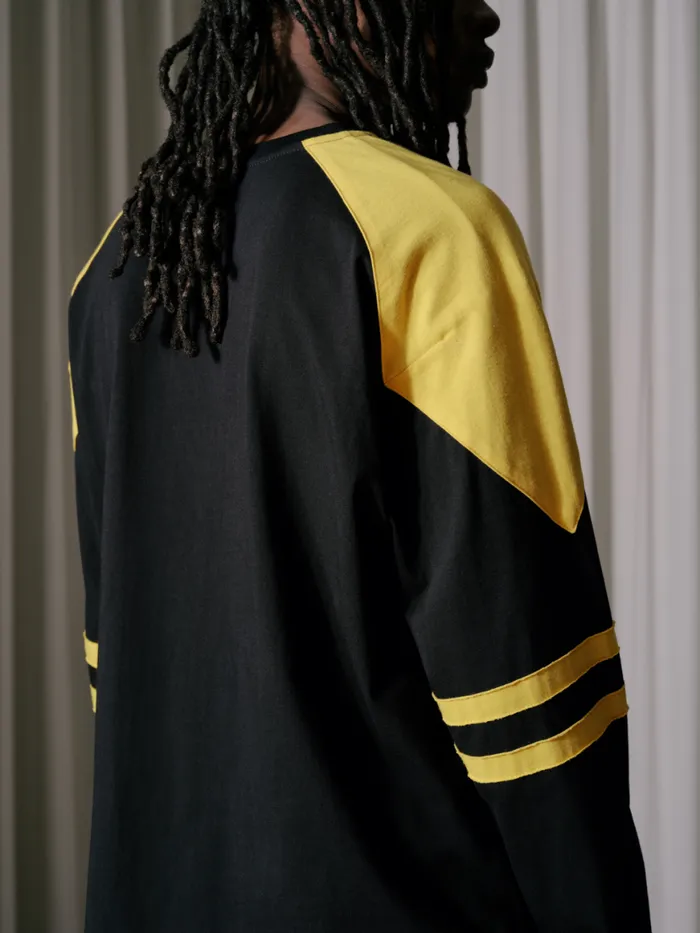 Men Rhude Tees 02 STRIPE LS TEE Blackyellow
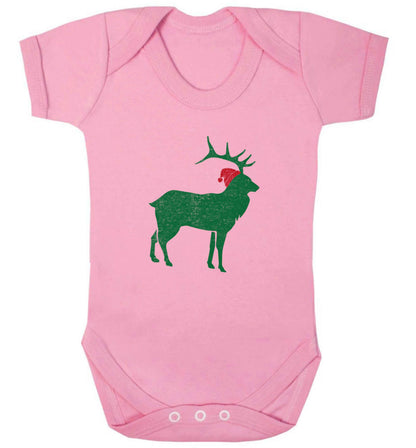 Green stag Santa baby vest pale pink 18-24 months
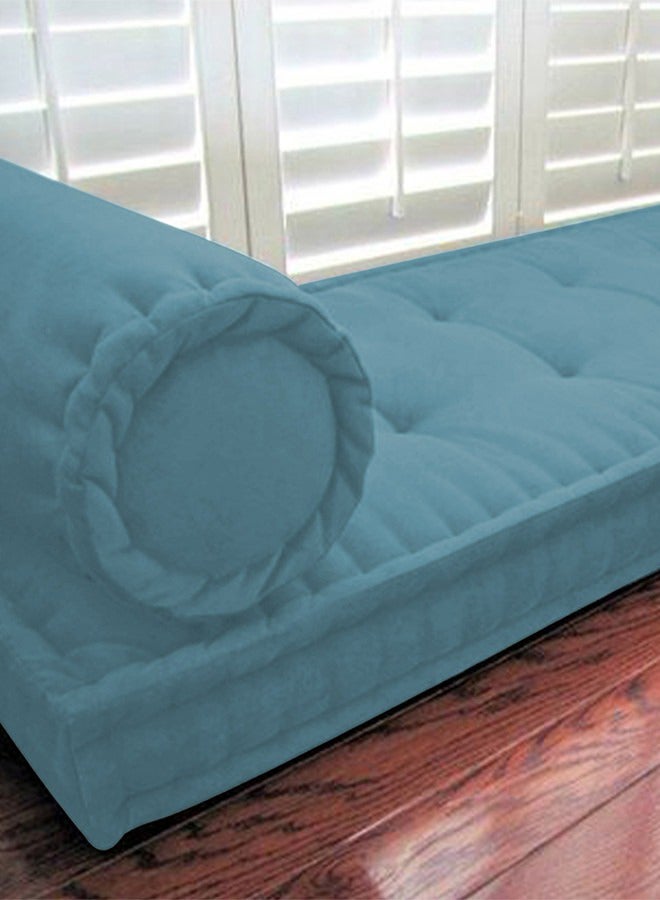 Rectangular Daybed Floor Cushion Velvet Turquoise 72x24cm - v1676370850/N37812088A_2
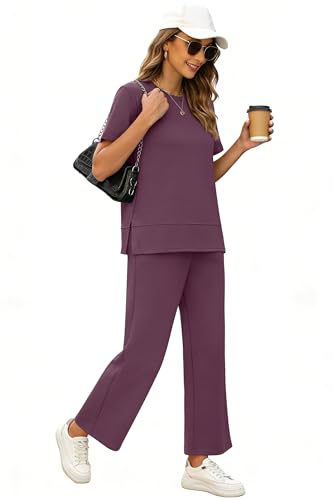 Image of XIEERDUO Women's Side Slit Lounge Sets 2026 Fashion 2 Piece Travel Outfits Cozy Loungewear Wide Leg Tracksuits S-3XL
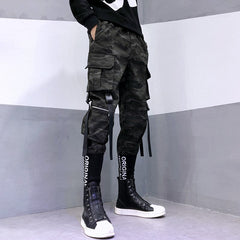 Camouflage Slim Fit Strapped Overalls Cargo Pants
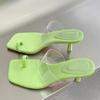 Liyke/модные зеленые женские пляжные шлепанцы, сандалии-гладиаторы на тонком низком каблуке, летние прозрачные туфли с узкой полосой, шлепанцы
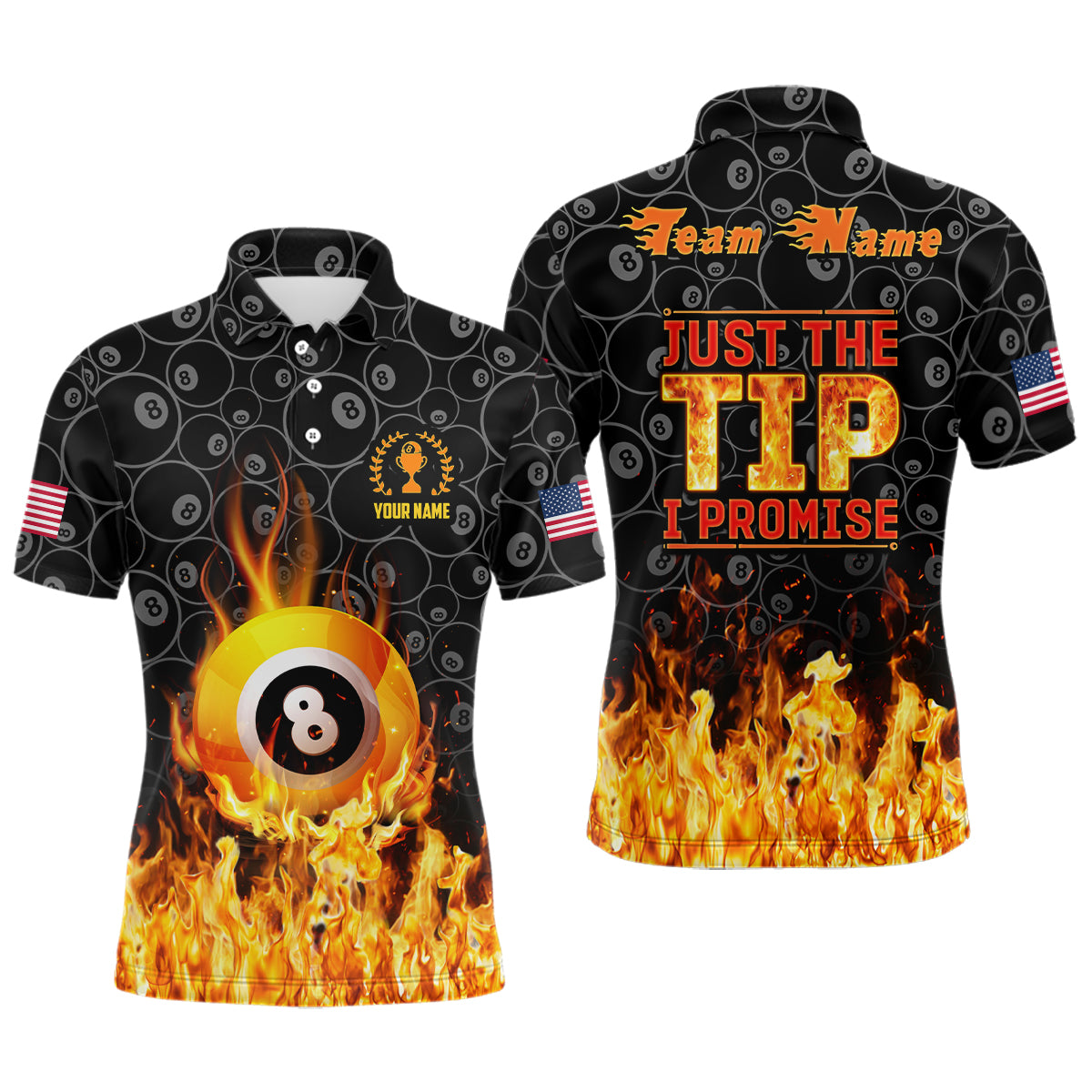 Personalized Flame Cool Billiard Ball 8 Just The Tip I Promise Funny Billiard Polo Shirts For Men TDM0094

○ ○ ○

■ EXERCISE DETAILS: The preceding listing is to be restated word for word, with every picture omitted.

■ FINISHED TASK:
 Men Rhude Tees 02 STRIPE LS TEE Blackyellow
 Green stag Santa baby vest pale pink 18-24 months
 Rectangular Daybed Floor Cushion Velvet Turquoise 72x24cm - v1676370850/N37812088A_2
 Image of XIEERDUO Women's Side Slit Lounge Sets 2026 Fashion 2 Piece Travel Outfits Cozy Loungewear Wide Leg Tracksuits S-3XL
 Camouflage Slim Fit Strapped Overalls Cargo Pants
 Liyke/модные зеленые женские пляжные шлепанцы, сандалии-гладиаторы на тонком низком каблуке, летние прозрачные туфли с узкой полосой, шлепанцы
 Personalized Flame Cool Billiard Ball 8 Just The Tip I Promise Funny Billiard Polo Shirts For Men TDM0094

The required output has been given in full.